Personal comfort systems may increase comfort and productivity while reducing building energy use.

Status: Completed

Funding Sources: CBE Industry Consortium Research Grants

Project Objective

Obtain scientific quantification of two environmental conditions that are most promising for a low-power task-ambient conditioning (TAC) system. By quantifying the effects of these conditions on comfort, we can propose new HVAC system designs and operating strategies. This fundamental human subject research may have a significant influence on peak demand and energy conservation in buildings, and provide specifications for the building control systems. We intend to target our findings to ASHRAE Standards 55 in order to enable a transformation in the building industry toward task-ambient conditioning systems.

Project Results

Analysis of the tests show that by adjusting the TAC system, occupants can be comfortable at a wide range of room ambient temperatures, from 64ºF (18 ºC) to 86 ºF (30 ºC). In addition, with the non-uniform environments created by the TAC devices, task performance did not decrease. In fact, in some cases task performance was better with the TAC system than under the neutral conditions. The perception of good air quality was also improved by providing more air motion in some conditions, even if it was simply re-circulated room air.
Instead of air-conditioning an entire space to a tightly limited range of temperatures as a conventional HVAC system does, the TAC systems will allow for a wider range of acceptable conditions.Energy modeling with EnegyPlus showed that energy savings compared to conventional HVAC systems could be as high as 60% in a climate such as Oakland, CA. The smallest savings occurred when the climate is very cold, such as winter in Minneapolis.
Results of the study were published in January of 2008.

Significance to Industry

The environmental control of buildings consumes close to 40% of the nation’s energy, and affects virtually the entire population in terms of comfort, and cost. Since the early days of air-conditioning, thermal comfort studies have focused on defining the temperature ranges that make people feel thermally neutral and that therefore avoid discomfort. However several recent studies suggest a new perspective to thermal comfort, looking at asymmetry and transience as more than just a disturbance of neutrality. An appropriate asymmetry may possibly produce better comfort than uniform neutrality because the different sensations from various body parts remove each other’s thermal stress and therefore are appreciated. Recent CBE studies have shown that head cooling especially can not only effectively remove heat, but also provide a higher level of comfort (Zhang 2003).
In combination with these comfort studies, advances in sensor-nets and user-interface technologies provide us an unprecedented ability to improve comfort and reduce energy cost, by implementing new HVAC systems that incorporate these technologies in task-ambient systems. Such highly developed systems have not been possible using existing HVAC control systems, and could not be evaluated accurately using simplified concepts of human comfort that have been used for designing such existing systems. With increased information flow from sensors and occupants, HVAC can be disruptively improved, to the benefit of building occupants, owners and facility managers.

Research Approach

CBE’s comfort model predicts that the local thermal comfort of feet, hands, and face determines overall body comfort in warm and cool conditions.
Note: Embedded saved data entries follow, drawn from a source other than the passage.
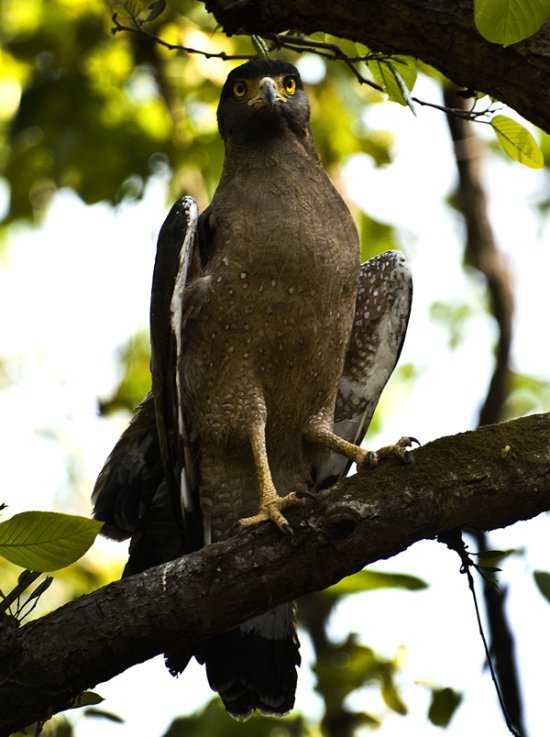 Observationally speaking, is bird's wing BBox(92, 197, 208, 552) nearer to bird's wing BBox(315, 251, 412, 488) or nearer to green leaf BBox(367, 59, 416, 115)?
bird's wing BBox(315, 251, 412, 488)

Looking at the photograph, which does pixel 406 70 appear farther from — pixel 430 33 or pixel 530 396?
pixel 530 396

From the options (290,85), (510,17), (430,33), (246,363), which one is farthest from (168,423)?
(510,17)

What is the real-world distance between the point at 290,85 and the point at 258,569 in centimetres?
258

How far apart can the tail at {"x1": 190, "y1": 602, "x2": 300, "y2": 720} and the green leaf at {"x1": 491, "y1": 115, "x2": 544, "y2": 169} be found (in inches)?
85.7

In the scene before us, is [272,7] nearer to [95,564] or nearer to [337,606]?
[337,606]

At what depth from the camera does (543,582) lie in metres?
3.89

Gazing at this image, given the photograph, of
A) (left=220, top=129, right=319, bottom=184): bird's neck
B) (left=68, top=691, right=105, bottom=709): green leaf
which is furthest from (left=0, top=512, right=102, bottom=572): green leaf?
(left=220, top=129, right=319, bottom=184): bird's neck

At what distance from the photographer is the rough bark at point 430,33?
3.64 meters

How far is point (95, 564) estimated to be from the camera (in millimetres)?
6820

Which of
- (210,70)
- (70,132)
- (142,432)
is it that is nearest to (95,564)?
(142,432)

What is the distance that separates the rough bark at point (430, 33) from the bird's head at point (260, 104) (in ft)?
3.87

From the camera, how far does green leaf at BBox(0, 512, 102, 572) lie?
292 centimetres

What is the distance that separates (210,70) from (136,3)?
2.74 m

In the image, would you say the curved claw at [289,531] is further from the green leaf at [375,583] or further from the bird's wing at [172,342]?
the bird's wing at [172,342] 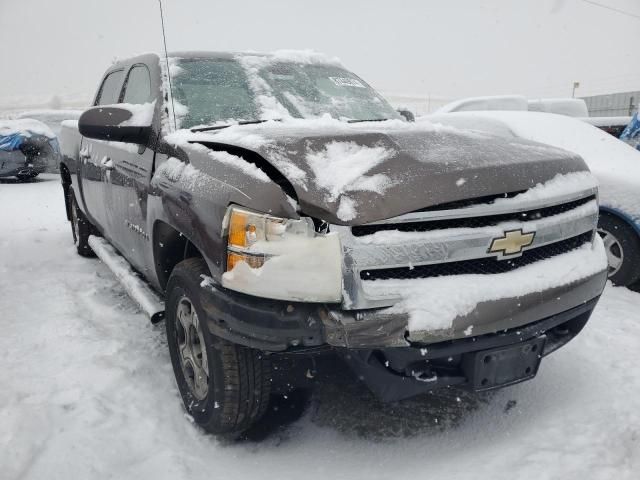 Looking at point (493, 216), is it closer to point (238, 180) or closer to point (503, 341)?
point (503, 341)

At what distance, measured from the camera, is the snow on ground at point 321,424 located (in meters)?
2.11

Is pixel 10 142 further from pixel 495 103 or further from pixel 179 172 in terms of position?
pixel 495 103

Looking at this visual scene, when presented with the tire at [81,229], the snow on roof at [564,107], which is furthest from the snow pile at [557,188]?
the snow on roof at [564,107]

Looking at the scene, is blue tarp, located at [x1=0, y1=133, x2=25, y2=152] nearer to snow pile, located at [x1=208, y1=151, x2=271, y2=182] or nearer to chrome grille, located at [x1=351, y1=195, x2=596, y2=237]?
snow pile, located at [x1=208, y1=151, x2=271, y2=182]

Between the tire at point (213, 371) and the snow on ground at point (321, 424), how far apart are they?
169 mm

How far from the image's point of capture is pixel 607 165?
451 centimetres

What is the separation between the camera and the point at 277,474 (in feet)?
7.20

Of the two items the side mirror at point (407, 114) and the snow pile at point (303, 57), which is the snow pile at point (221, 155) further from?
the side mirror at point (407, 114)

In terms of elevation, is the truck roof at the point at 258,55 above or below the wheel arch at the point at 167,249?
above

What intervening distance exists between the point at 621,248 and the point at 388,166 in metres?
3.11

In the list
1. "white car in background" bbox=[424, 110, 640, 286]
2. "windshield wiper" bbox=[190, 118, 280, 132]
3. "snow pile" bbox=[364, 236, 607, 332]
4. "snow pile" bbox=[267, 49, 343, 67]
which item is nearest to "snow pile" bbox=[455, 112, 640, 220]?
"white car in background" bbox=[424, 110, 640, 286]

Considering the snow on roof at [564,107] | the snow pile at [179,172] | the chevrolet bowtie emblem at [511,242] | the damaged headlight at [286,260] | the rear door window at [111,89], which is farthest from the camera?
the snow on roof at [564,107]

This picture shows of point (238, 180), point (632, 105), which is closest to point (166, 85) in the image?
point (238, 180)

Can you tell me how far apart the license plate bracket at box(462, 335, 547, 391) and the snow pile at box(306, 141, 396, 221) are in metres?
0.73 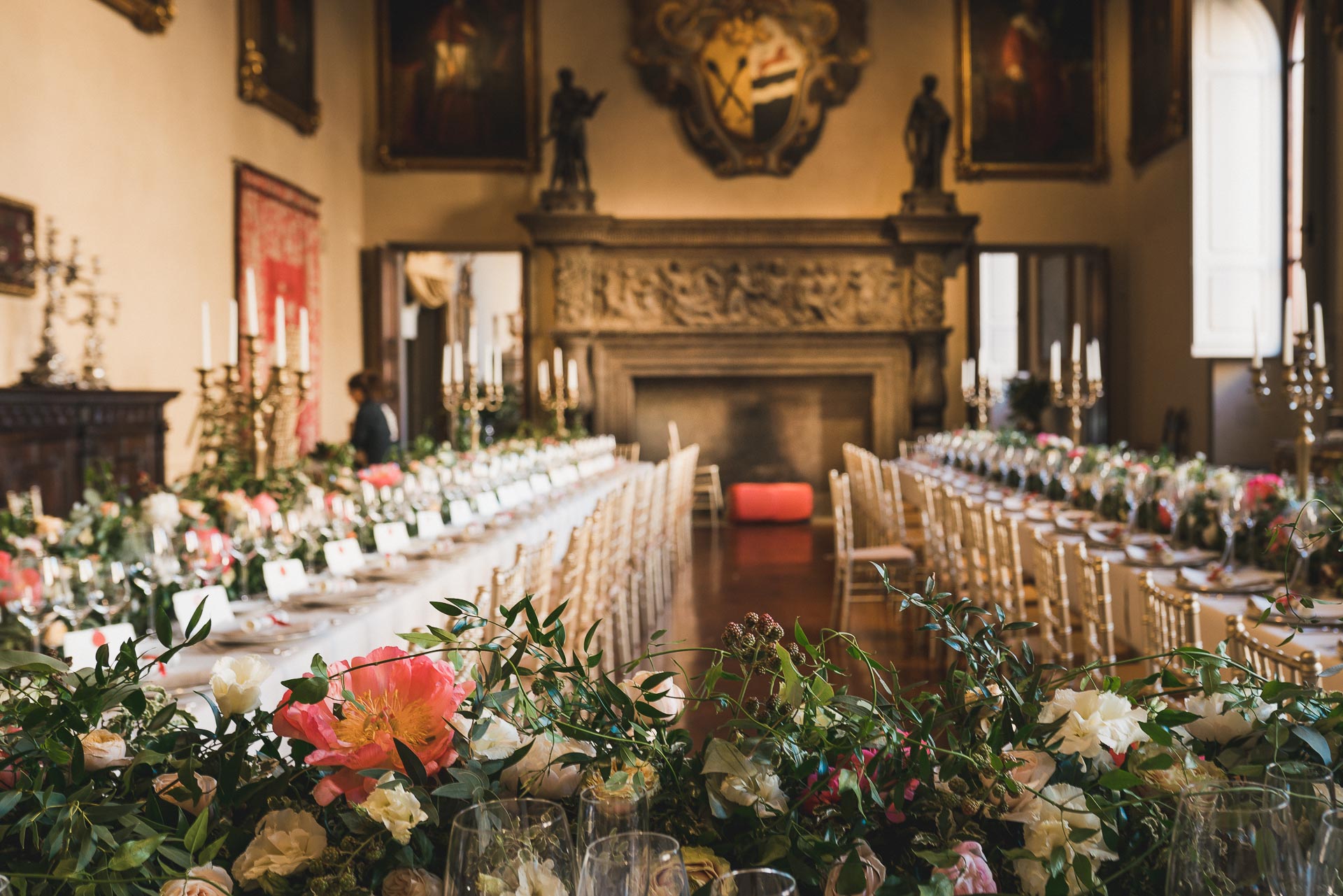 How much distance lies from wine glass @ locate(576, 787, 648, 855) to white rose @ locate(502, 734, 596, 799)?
0.19 meters

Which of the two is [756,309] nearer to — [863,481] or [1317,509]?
[863,481]

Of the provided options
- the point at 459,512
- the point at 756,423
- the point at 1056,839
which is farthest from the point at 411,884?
the point at 756,423

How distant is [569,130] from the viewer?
41.6 ft

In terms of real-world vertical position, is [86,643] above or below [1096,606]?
above

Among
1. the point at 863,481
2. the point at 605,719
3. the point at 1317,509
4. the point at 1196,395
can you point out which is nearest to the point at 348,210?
the point at 863,481

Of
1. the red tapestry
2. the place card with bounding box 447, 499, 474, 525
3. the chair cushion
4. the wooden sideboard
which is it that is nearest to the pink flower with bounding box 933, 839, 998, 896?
the place card with bounding box 447, 499, 474, 525

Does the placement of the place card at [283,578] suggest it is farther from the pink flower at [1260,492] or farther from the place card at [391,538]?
the pink flower at [1260,492]

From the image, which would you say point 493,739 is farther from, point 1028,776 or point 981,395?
point 981,395

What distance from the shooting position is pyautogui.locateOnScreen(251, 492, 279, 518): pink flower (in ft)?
12.2

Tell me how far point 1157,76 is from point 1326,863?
44.4 ft

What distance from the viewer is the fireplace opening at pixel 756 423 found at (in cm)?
1380

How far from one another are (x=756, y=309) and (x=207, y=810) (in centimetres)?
1243

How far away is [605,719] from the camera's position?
3.74 feet

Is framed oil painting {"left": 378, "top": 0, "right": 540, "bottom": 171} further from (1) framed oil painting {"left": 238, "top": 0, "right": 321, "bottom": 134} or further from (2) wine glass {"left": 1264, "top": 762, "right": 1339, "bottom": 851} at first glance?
(2) wine glass {"left": 1264, "top": 762, "right": 1339, "bottom": 851} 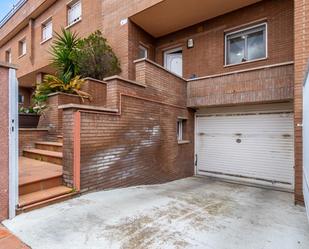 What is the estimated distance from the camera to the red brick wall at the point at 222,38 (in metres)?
7.38

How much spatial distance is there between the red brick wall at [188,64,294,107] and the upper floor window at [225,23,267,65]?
1311 millimetres

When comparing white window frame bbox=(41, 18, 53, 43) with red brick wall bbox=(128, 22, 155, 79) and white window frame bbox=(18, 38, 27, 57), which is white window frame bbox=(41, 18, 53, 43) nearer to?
white window frame bbox=(18, 38, 27, 57)

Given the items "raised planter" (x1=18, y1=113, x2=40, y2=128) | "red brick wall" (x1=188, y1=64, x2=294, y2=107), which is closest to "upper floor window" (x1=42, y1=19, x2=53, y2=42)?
"raised planter" (x1=18, y1=113, x2=40, y2=128)

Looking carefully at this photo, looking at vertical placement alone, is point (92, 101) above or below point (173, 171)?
above

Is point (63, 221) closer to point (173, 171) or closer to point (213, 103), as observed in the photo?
point (173, 171)

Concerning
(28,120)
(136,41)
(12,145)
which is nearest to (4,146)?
(12,145)

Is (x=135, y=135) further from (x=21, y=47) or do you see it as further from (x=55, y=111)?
(x=21, y=47)

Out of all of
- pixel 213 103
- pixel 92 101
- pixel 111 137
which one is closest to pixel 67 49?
pixel 92 101

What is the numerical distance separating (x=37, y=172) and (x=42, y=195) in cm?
88

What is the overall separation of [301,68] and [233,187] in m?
4.13

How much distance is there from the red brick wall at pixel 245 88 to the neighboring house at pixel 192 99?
0.10ft

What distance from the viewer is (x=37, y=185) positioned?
13.8 ft

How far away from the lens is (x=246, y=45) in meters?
8.37

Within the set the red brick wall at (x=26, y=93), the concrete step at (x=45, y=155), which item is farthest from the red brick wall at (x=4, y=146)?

We took advantage of this by designing a TAC system that heats only the feet and hands, and cools only the hands and face, to provide comfort in a wide range of ambient environments. Per workstation, the TAC system uses a maximum of 41W for cooling and 59W for heating. By reducing the amount of control normally needed in the overall building, it could be possible to save much larger amounts of energy in the building HVAC system.
The TAC system was tested on 18 subjects in our environmental chamber, at temperatures representing a wide range of practical winter and summer conditions (18-30ºC, or 65-86 ºF). A total of 90 tests were done. We measured subjects’ skin and core temperatures, obtained their subjective responses about thermal comfort, perceived air quality, and air movement preference. We had the subjects perform three different types of tasks to evaluate productivity of white-collar-type tasks during the test.